In our recipient, the anti-DQ5 antibodies, found before the second transplant (Figure 1), may have appeared because he was responding to the DQ6 on the retained first transplant. These antibodies may cross-react with DQ5 because DQ5 and 6 are splits of DQ1 and are structurally similar. The anti-donor DQ5 antibodies decreased after transplant perhaps because they bound to endothelia on the DQ5-containing second transplant [8]. However, no allograft dysfunction occurred. One possibility is that the anti-DQ5 may have enhanced survival of stressed endothelia (see review [9]). The persistent decrease in serum anti-donor DQ5 antibodies (Figure 1) suggested either that antibody was absorbed by the transplant or that our immunosuppression prevented formation of new antibodies. Suppression of antibody production has previously been reported for rabbit anti-human thymocyte globulin [10]. Mycophenolic acid and tacrolimus have recently been used to successfully treat some types of acute antibody-mediated rejection [11,12].

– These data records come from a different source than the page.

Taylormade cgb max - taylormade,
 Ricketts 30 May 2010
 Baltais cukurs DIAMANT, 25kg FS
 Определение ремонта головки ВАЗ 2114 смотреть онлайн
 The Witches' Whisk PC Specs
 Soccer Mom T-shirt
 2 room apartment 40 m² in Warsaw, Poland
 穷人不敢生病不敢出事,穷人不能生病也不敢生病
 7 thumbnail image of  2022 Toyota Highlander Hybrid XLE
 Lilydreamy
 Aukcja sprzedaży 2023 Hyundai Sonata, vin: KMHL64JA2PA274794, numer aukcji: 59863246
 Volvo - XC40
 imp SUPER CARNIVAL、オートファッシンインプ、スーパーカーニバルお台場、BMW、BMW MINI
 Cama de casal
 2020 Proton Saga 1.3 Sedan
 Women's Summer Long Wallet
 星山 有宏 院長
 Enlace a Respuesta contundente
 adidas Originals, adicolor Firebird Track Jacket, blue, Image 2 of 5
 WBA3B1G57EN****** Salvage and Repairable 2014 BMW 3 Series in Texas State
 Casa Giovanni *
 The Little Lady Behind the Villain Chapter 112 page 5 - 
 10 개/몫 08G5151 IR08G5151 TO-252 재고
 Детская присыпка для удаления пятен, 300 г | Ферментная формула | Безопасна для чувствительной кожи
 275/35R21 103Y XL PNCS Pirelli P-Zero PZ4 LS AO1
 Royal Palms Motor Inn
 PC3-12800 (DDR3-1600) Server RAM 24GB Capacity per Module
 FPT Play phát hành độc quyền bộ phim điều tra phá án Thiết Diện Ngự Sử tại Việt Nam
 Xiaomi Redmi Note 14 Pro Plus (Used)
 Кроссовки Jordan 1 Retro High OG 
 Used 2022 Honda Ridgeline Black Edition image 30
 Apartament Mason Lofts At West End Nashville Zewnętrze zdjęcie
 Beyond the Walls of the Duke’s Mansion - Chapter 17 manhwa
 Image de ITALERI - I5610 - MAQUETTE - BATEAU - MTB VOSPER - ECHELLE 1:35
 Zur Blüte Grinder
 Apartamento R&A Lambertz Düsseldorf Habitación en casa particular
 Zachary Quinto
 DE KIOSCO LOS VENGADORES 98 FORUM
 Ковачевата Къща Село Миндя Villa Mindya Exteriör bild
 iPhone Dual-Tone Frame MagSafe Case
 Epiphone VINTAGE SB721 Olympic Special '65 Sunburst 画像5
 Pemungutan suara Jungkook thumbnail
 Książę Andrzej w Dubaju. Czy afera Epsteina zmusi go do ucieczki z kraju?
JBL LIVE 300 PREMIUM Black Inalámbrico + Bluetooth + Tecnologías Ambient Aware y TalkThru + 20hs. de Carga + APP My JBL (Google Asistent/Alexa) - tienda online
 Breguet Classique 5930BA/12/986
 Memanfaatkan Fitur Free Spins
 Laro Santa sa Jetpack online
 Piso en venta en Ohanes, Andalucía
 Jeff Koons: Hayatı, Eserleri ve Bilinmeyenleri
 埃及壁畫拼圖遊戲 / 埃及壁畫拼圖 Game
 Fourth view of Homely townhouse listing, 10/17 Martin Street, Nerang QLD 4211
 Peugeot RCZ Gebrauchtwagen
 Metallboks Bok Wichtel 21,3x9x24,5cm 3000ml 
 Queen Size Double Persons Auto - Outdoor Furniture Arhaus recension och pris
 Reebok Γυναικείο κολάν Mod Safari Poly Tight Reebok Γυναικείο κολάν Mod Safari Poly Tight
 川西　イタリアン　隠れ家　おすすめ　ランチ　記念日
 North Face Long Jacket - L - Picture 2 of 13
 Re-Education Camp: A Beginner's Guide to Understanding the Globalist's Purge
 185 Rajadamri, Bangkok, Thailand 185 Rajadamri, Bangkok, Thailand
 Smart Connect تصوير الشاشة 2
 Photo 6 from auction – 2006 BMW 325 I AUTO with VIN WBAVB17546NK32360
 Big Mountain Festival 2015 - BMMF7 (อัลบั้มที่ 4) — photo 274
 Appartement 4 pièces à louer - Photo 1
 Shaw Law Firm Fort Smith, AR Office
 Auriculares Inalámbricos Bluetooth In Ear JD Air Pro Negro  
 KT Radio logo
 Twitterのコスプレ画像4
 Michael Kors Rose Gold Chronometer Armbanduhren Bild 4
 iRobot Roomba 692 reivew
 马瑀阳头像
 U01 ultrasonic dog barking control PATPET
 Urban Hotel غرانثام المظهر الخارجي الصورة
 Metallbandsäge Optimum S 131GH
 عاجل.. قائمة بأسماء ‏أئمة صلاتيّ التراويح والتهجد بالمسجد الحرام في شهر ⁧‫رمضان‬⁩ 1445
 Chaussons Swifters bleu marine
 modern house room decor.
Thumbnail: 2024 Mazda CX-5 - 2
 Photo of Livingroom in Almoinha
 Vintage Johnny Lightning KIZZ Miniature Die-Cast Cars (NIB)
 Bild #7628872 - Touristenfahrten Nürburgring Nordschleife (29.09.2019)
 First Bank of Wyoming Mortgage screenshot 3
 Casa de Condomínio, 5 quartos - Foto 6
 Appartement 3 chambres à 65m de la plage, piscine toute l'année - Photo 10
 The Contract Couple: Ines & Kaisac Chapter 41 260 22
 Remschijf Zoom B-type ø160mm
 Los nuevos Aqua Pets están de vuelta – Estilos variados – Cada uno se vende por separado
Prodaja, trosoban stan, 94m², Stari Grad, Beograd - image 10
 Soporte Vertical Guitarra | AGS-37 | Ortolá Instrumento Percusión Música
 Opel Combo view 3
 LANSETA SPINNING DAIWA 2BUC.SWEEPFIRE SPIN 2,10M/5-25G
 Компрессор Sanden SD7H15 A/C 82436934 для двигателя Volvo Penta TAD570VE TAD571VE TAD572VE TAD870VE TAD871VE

Our donor-recipient pair illustrates a potential problem in defining "unacceptable" antigens for a "virtual crossmatch". A DQ mismatch was acceptable in the context of a zero mismatch at HLA A, B and C.

Conclusion

As progressively more sensitive techniques become available for the final crossmatch, more HLA antibodies are being detected, and are being detected at lower levels. The clinical challenge is deciding if the detected antibodies should prevent transplantation, or should change the immunosuppression [2-4]. One such challenge is determining whether pre-existing anti-donor HLA DQ antibodies increase the risk of acute rejection. Our patient may be uniquely illustrative because he was successfully transplanted despite pre-existing anti-donor HLA-DQ antibodies without plasmapheresis and intravenous immunoimmunoglobulin, and because he was matched at Class I HLA A, B, and C.

Abbreviations

HLA: human leukocyte antigen; AHG: anti human globulin; MESF: molecules of equivalent soluble fluorochrome; PRA: panel of reactive antibodies.

Consent

Written informed consent was obtained from the patient for publication of this case report and accompanying images. A copy of the written consent is available for review by the Editor-in-Chief of this journal.

Competing interests

The authors declare that they have no competing interests.

Authors' contributions

JH and CL wrote the manuscript and gathered the data. PS and BL performed the tissue typing and the anti-HLA analysis, and helped write the manuscript. JA helped write the manuscript. MS, MV, and CL cared for the patient and provided clinical details.